Exercise details:
Every entry should come back exactly as written, minus the pictures.
• • •
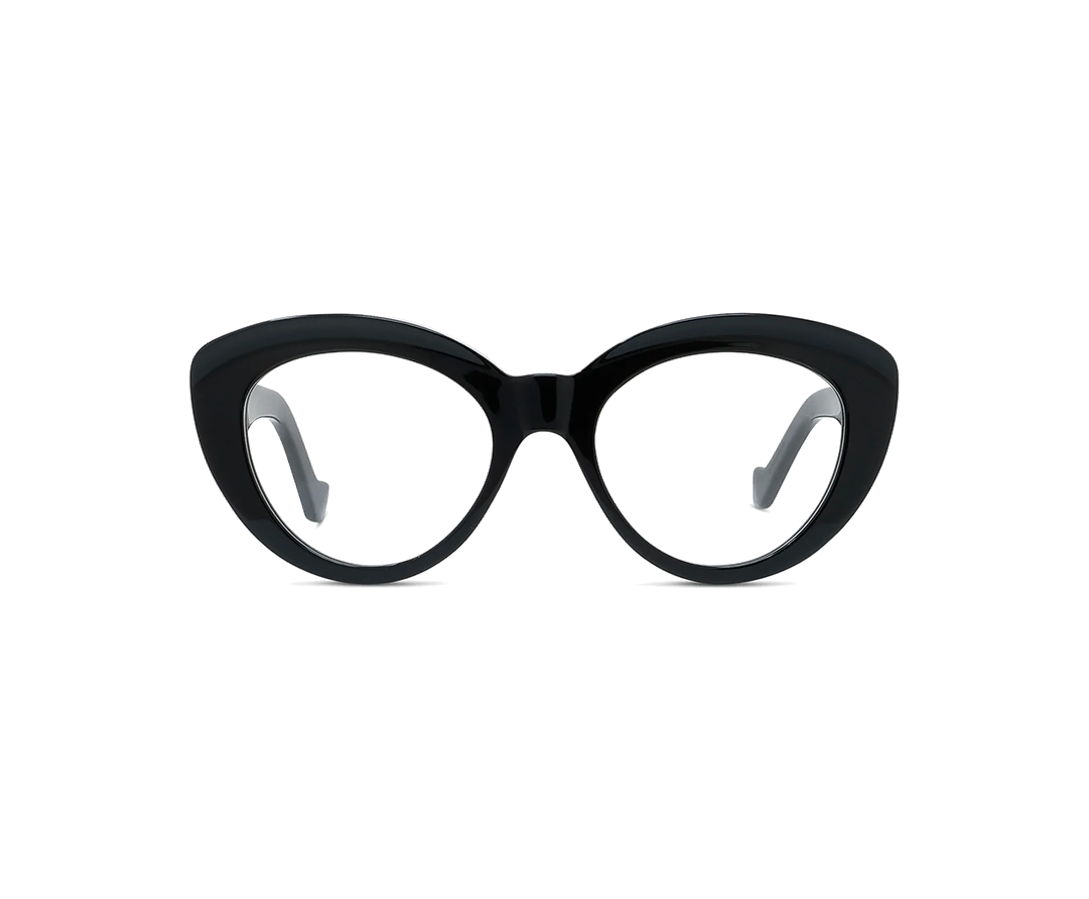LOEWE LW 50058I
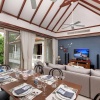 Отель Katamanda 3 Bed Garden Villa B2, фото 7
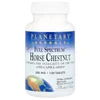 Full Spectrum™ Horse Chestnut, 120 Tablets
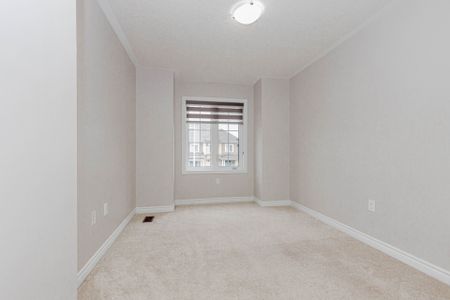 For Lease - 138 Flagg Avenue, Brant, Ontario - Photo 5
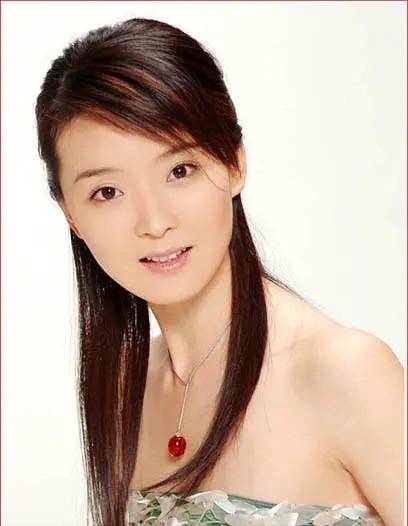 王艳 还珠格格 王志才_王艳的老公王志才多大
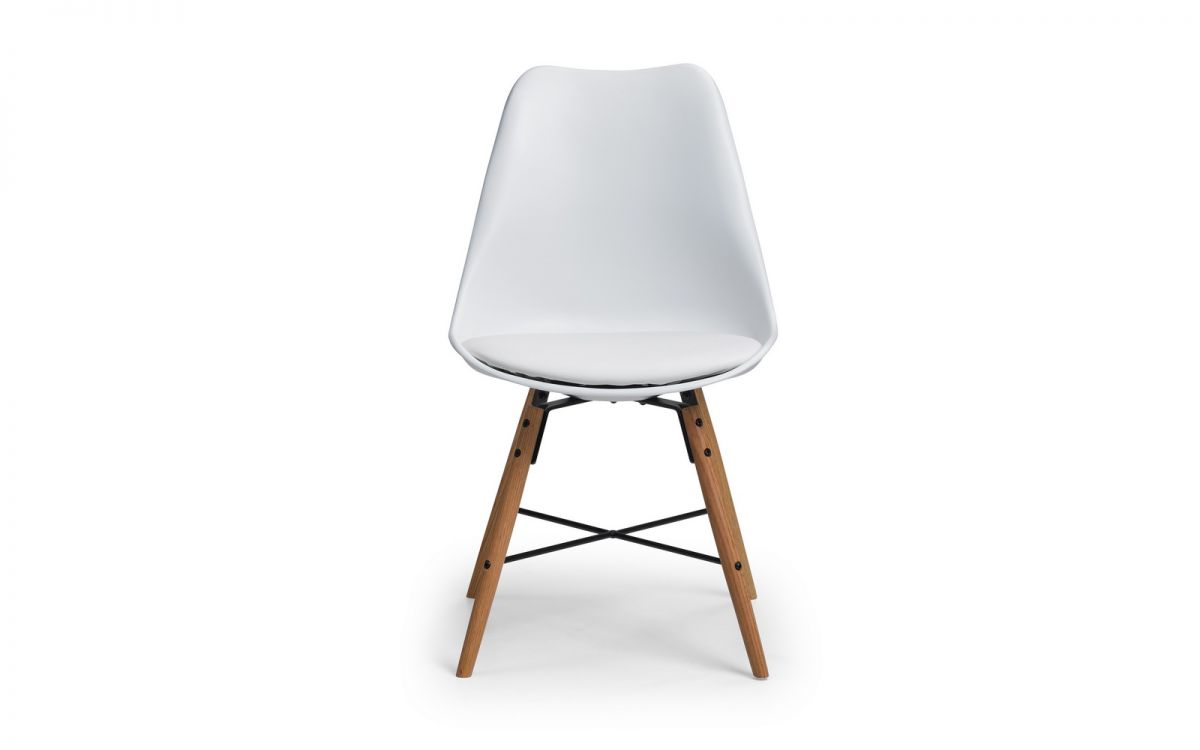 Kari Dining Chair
• • •
Written solution:
LOEWE LW 50058I
 Отель Katamanda 3 Bed Garden Villa B2, фото 7
 Full Spectrum™ Horse Chestnut, 120 Tablets
 For Lease - 138 Flagg Avenue, Brant, Ontario - Photo 5
 王艳 还珠格格 王志才_王艳的老公王志才多大
 Kari Dining Chair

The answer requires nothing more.